Investors tread carefully as global economic woes coincide with Libya’s quick efforts to restore oil output

Brent crude fell more than a dollar to below $101 a barrel
on Tuesday, pressured by growing fears that a Greek debt default could spread
and ignite a global recession.

The global economic woes coincide with faster-than-expected
Libyan efforts to restore its oil output, causing some investors to tread more
carefully amid possible weaker fundamentals.

Brent crude for November delivery fell $1.05 to $100.66,
after hitting an intraday low of around $100.50 a barrel, which was within
striking distance of an eight-week low at 0441 GMT.

US crude fell $1.30 to $76.31 a barrel after reaching an
intraday low of $75.92.

Libya will start pumping crude at two major oilfields in about
two weeks, doubling production to 700,000 barrels a day by year-end, the
country’s head of National Oil Corp Nouri Berouin said in an interview with
Reuters.

While the resumption in operations at Repsol-operated
Sharara field and Eni part-owned Elephant will help boost output, Berouin said
Libya’s biggest oil terminal at Es-Sider may take more than a year to be fully
repaired.

“Brent crude continues to feel the weight of economic
concerns as it appears that Greece will miss deficit targets and worries about
the health of European banks remain,” J.P. Morgan said in a research note.

A bearish target at $99 per barrel remains intact for Brent
oil, said Reuters market analyst for commodities and energy Wang Tao, while US
oil faces a support zone of $75.68-$75.71, and may rebound to $78 per barrel.

Apart from oil, world stock markets and the euro have also
tumbled this week on rising concerns the debt crisis in Greece could spread to
other countries and spark a global recession.

“I think more people are getting more afraid,”
Tony Nunan, a Tokyo-based risk manager at Mitsubishi Corp.

“There’s a concern that there will be a mini financial
crisis.
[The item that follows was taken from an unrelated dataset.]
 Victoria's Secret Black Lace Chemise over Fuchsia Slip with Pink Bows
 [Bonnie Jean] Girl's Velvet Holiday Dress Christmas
If they don’t do it properly, it will cause some banks in Europe to
fail, and there will be a domino effect,” he said, referring to European
leaders’ efforts to resolve Greece’s financial crisis.

Despite deeper cost-cutting measures, Greece admitted it
would miss its fiscal deficit target this year, sparking fresh doubts over a
planned second international bailout.

The crisis has forced investors to seek safe havens such as
gold and Treasuries, which has helped push the US dollar to its highest in more
than eight months against a basket of major currencies.

A stronger dollar can pressure dollar-denominated
commodities prices by making them more expensive to consumers using other
currencies.

While oil supply and demand appears largely balanced, United
Arab Emirates OPEC governor Ali Obaid Al Yabhouni has said there were
“ominous clouds on the horizon” for demand because of global economic
problems.

US commercial crude stockpiles are expected to have risen
for a second week as imports continued to increase, a preliminary Reuters poll
of analysts found on Monday.

Industry group the American Petroleum Institute will release
its weekly inventory report at 2030 GMT. The Energy Information Administration
will issue its own stocks data on Wednesday.

The impact of a fire at Royal Dutch Shell’s Singapore
refinery has extended into the crude and naphtha markets, strengthening price
spreads for both markets, traders said.

The closure of Shell’s 500,000 barrel-per-day refinery, its
largest in the world, has led the oil major to cancel the lifting of 4 million
barrels of crude, to wind down its petrochemical complex and to declare force
majeure on some of its deals, mostly involving distillates.